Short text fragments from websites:
+ + + +
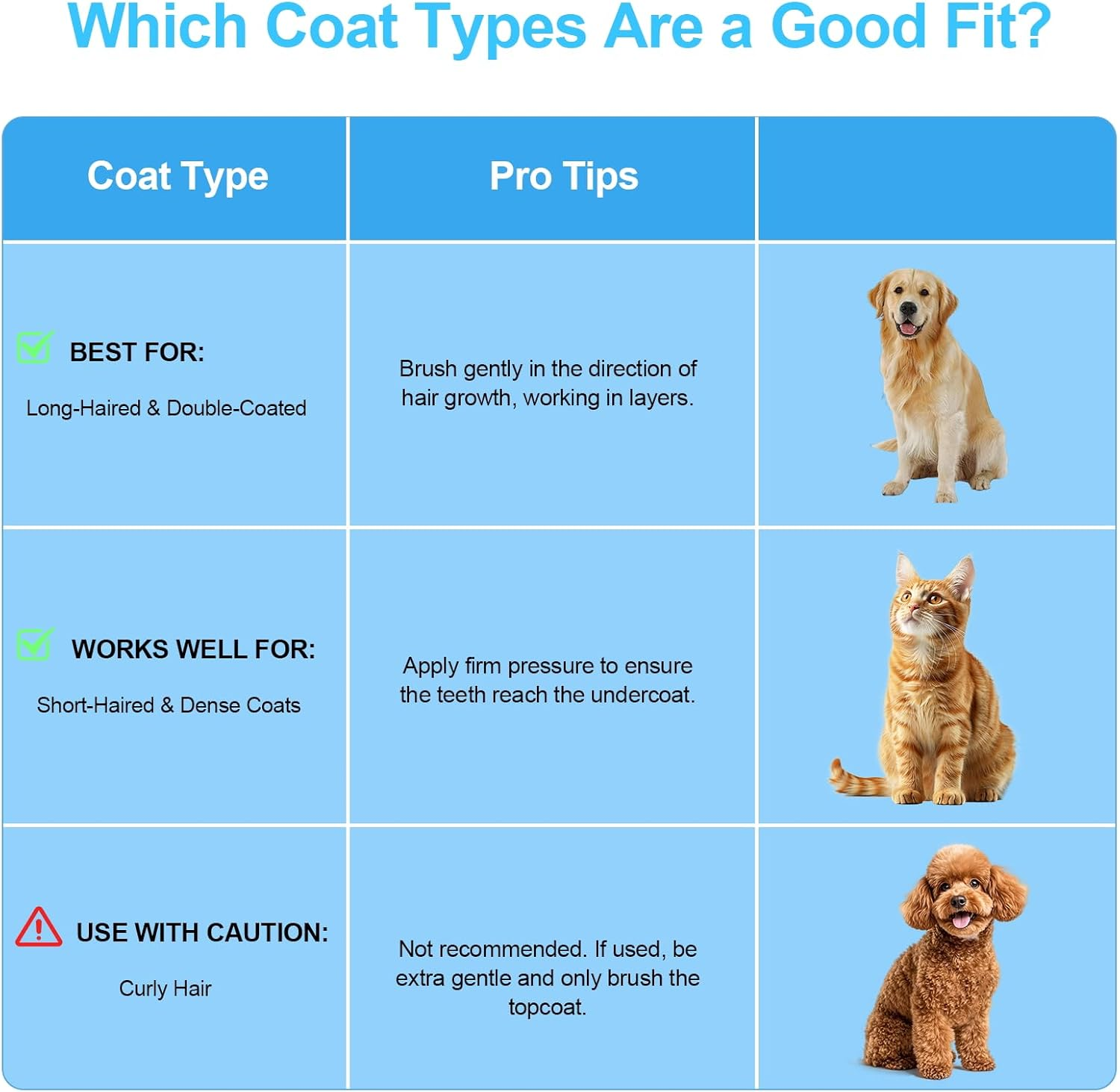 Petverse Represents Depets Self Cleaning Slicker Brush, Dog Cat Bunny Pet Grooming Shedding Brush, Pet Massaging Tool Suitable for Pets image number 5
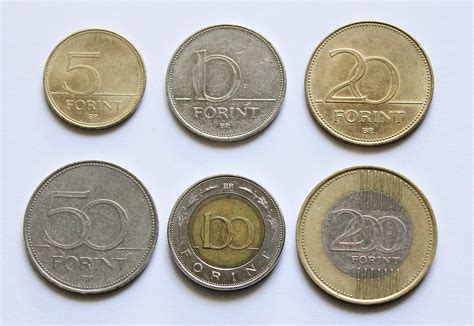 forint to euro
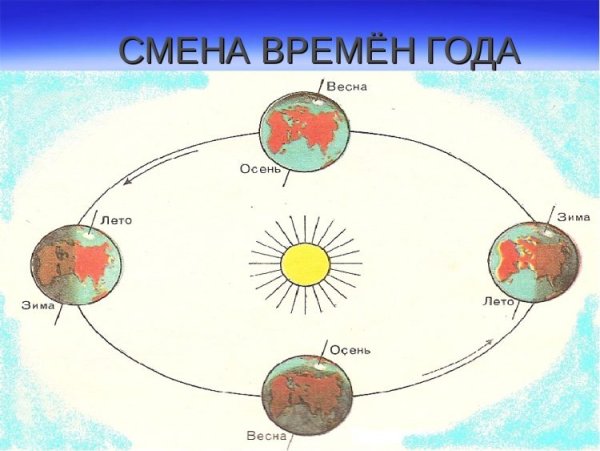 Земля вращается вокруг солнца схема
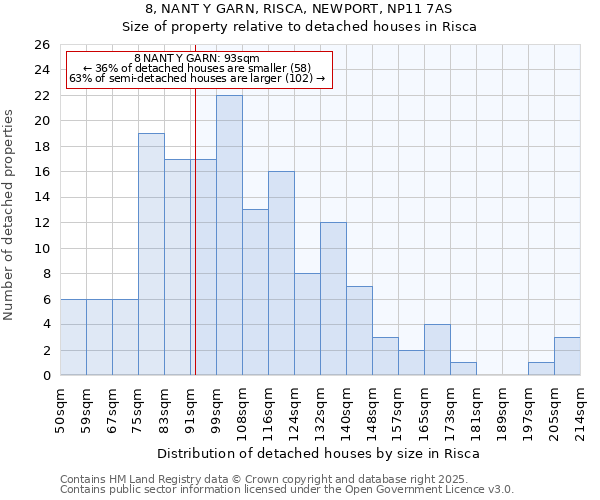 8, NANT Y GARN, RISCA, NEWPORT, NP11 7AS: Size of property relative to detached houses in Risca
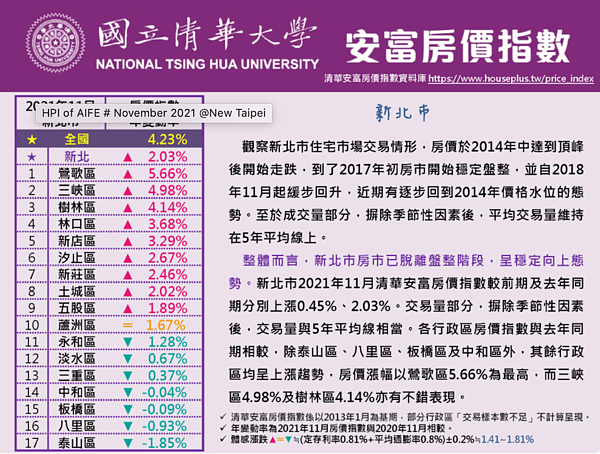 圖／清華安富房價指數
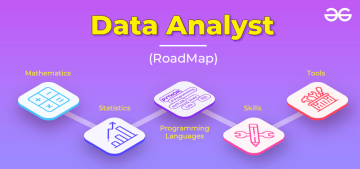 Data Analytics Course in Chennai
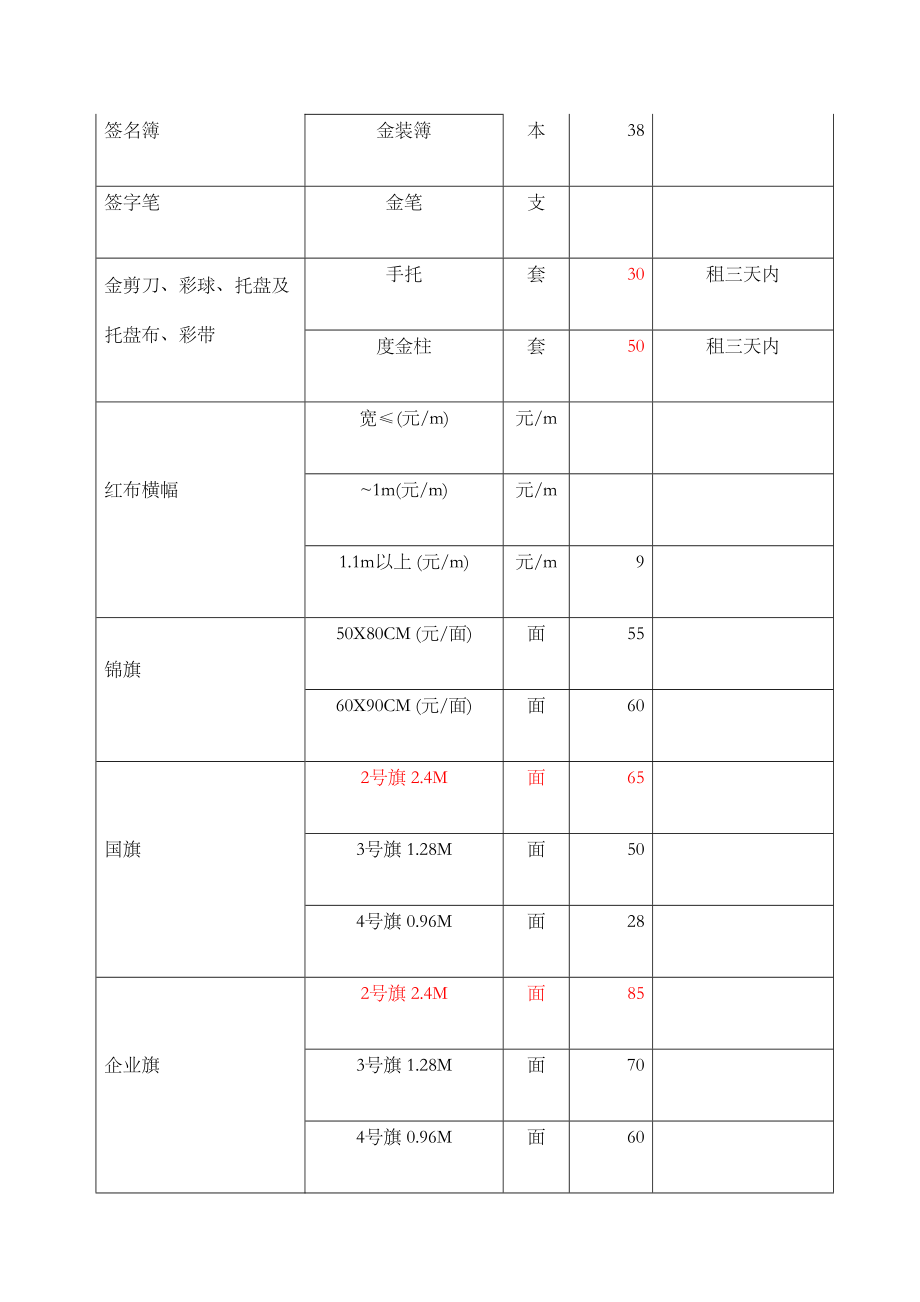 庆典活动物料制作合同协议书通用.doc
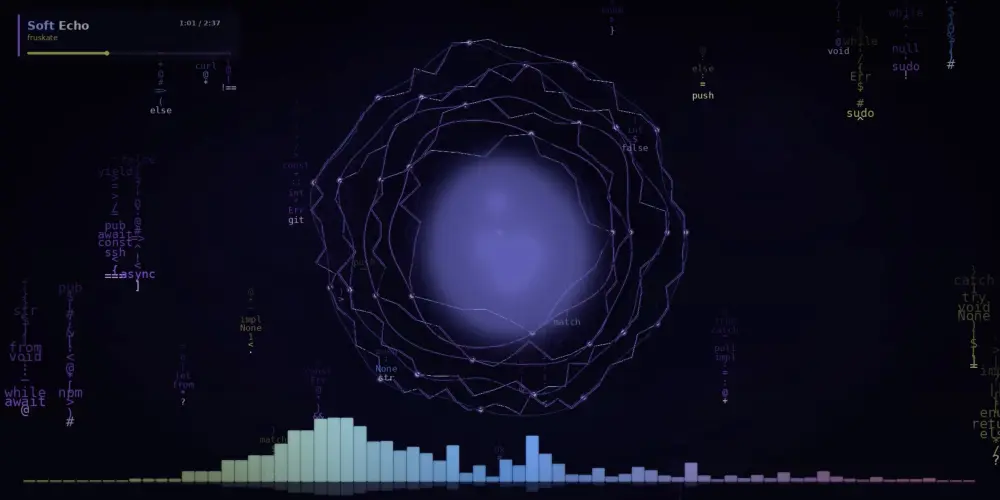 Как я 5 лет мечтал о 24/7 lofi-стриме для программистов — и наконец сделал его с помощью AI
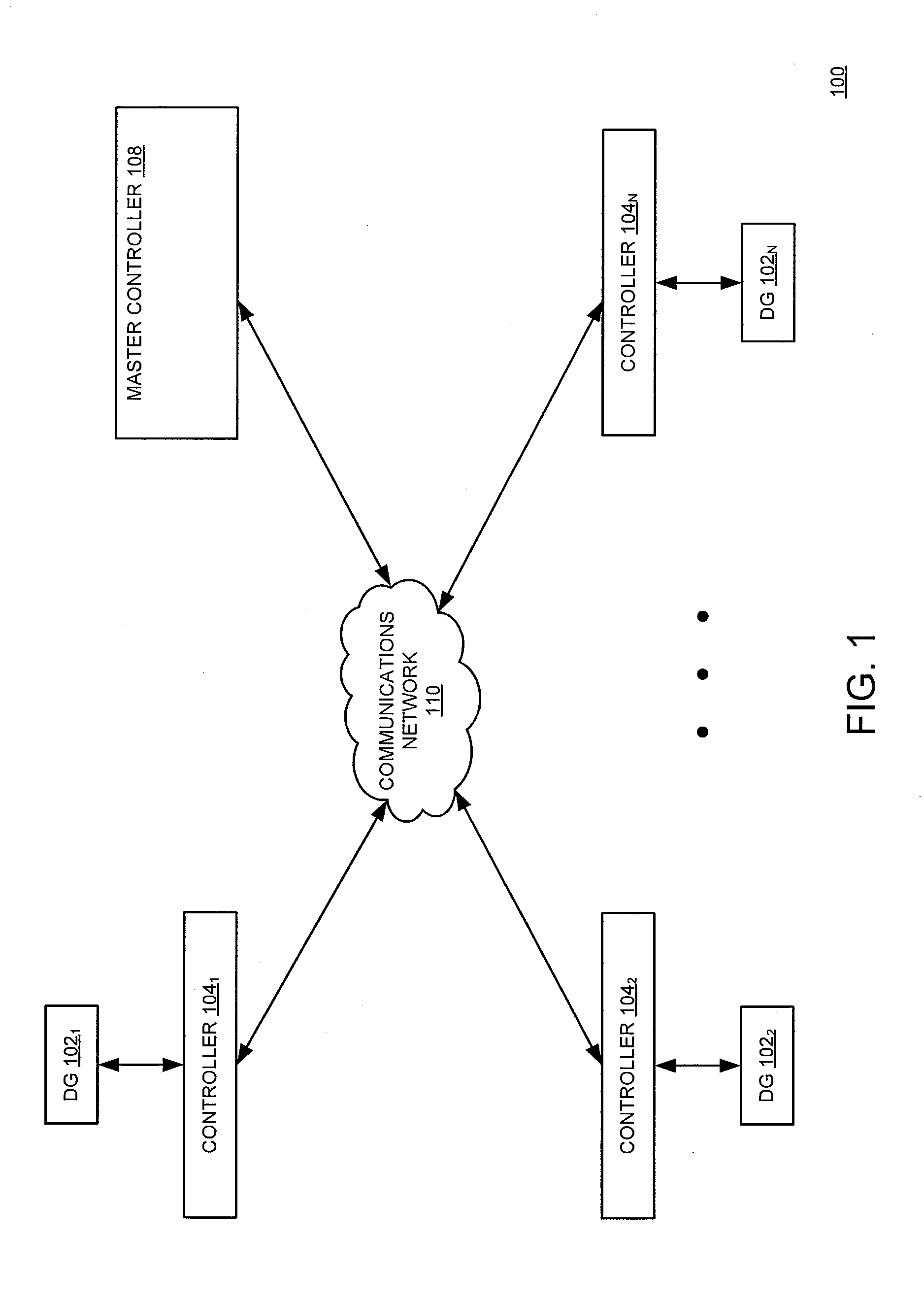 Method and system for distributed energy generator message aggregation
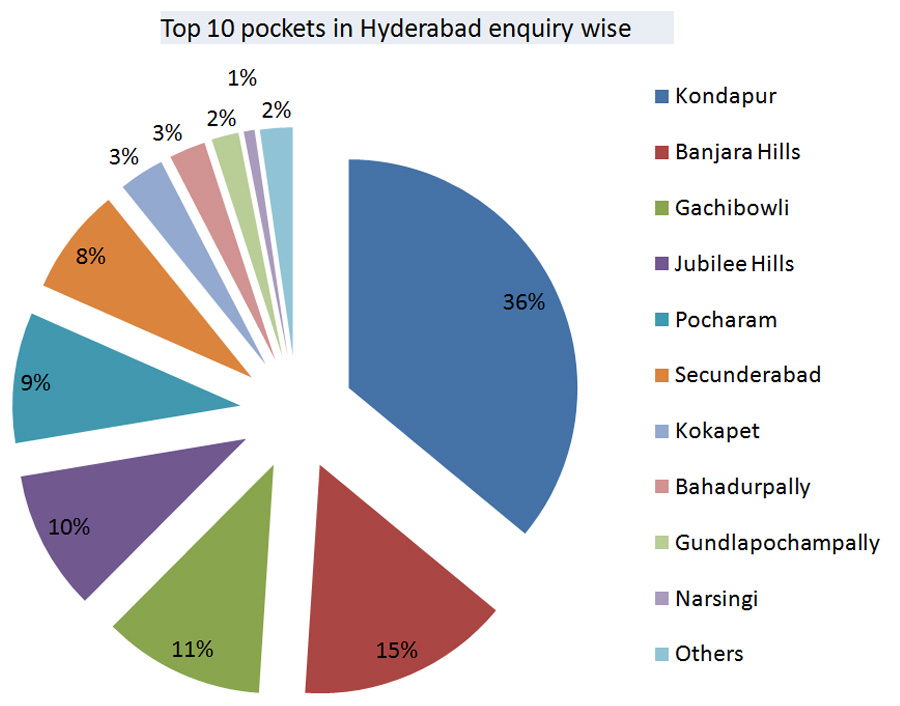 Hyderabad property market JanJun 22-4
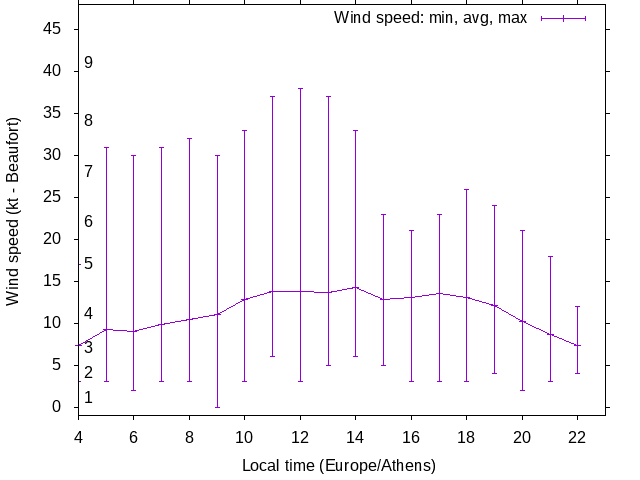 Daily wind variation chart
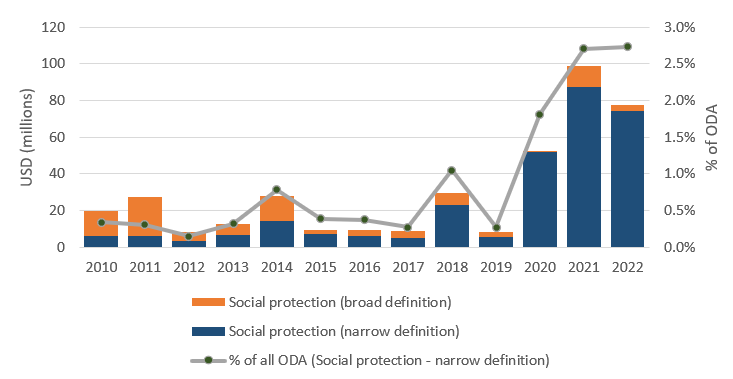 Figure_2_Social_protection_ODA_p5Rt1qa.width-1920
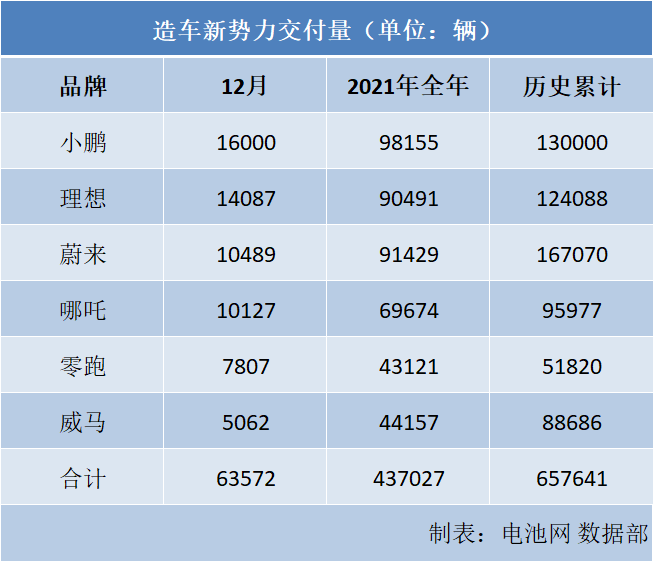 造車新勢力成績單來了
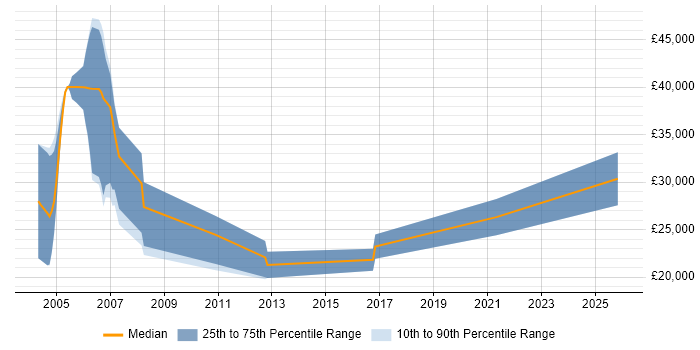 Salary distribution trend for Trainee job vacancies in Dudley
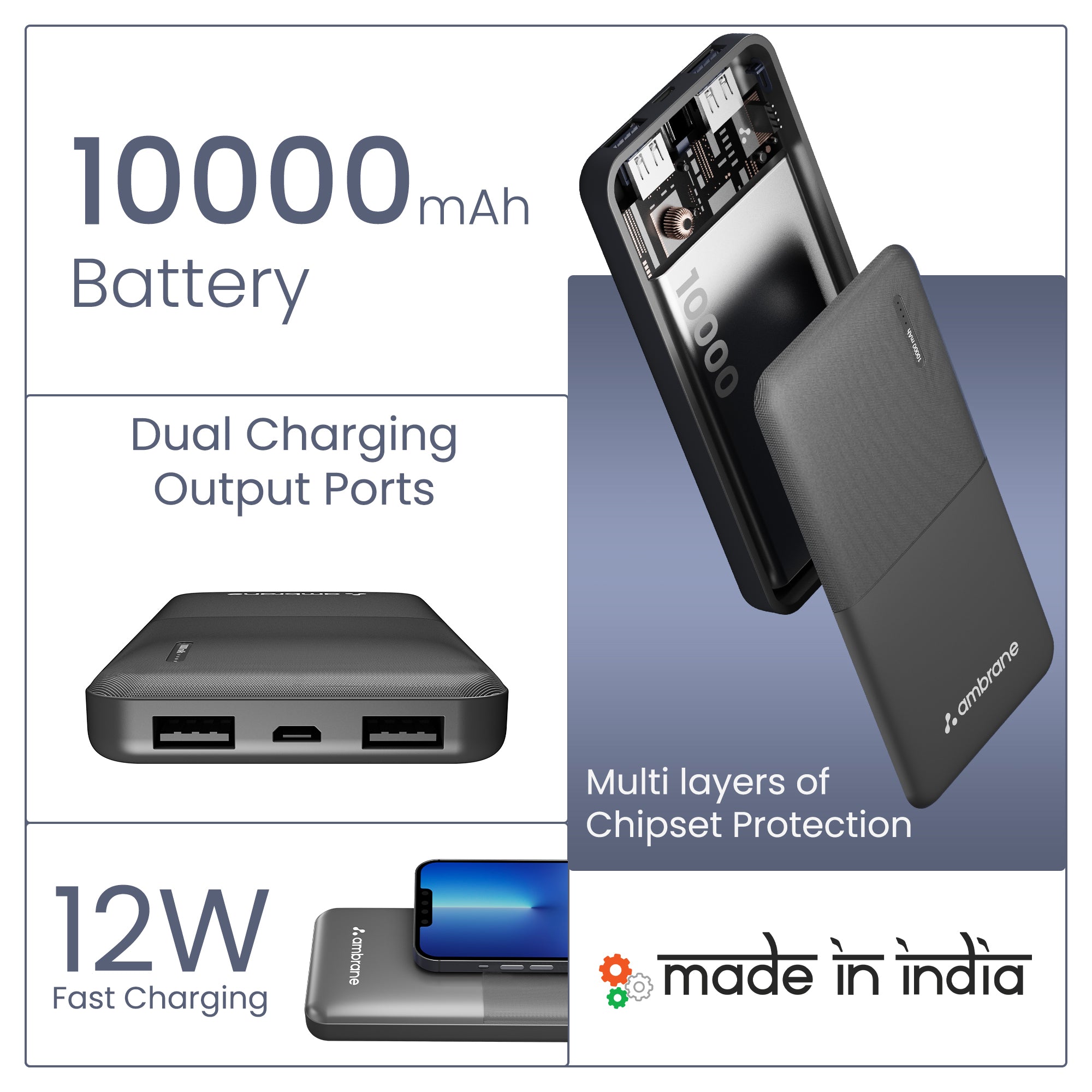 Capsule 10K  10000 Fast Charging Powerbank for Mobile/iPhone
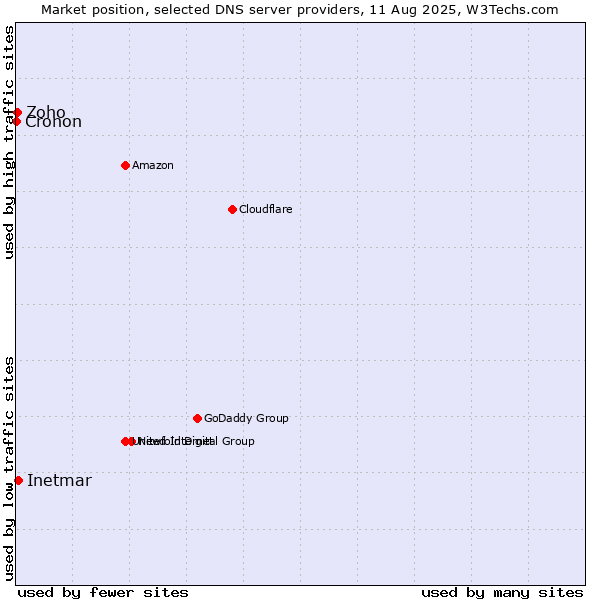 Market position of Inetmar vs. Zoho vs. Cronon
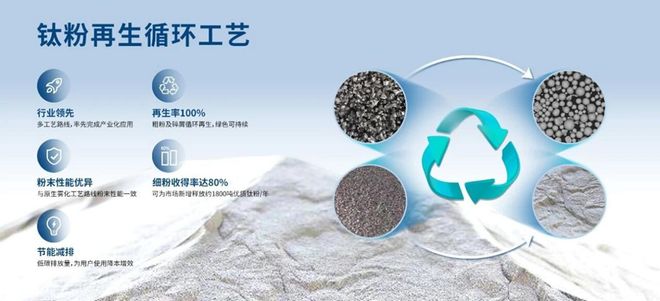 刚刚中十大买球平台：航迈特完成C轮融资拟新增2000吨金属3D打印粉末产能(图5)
+ + + +
* [EXERCISE BRIEF]
The answer must be an exact copy of the lines from the one containing "forint to euro" through the last line of the records, and nothing else. Pictures do not belong in it.

* [OUTPUT OF THE TASK]
 forint to euro
 Земля вращается вокруг солнца схема
 8, NANT Y GARN, RISCA, NEWPORT, NP11 7AS: Size of property relative to detached houses in Risca
 圖／清華安富房價指數
 Data Analytics Course in Chennai
 庆典活动物料制作合同协议书通用.doc
 Как я 5 лет мечтал о 24/7 lofi-стриме для программистов — и наконец сделал его с помощью AI
 Method and system for distributed energy generator message aggregation
 Hyderabad property market JanJun 22-4
 Daily wind variation chart
 Figure_2_Social_protection_ODA_p5Rt1qa.width-1920
 造車新勢力成績單來了
 Salary distribution trend for Trainee job vacancies in Dudley
 Capsule 10K  10000 Fast Charging Powerbank for Mobile/iPhone
 Market position of Inetmar vs. Zoho vs. Cronon
 刚刚中十大买球平台：航迈特完成C轮融资拟新增2000吨金属3D打印粉末产能(图5)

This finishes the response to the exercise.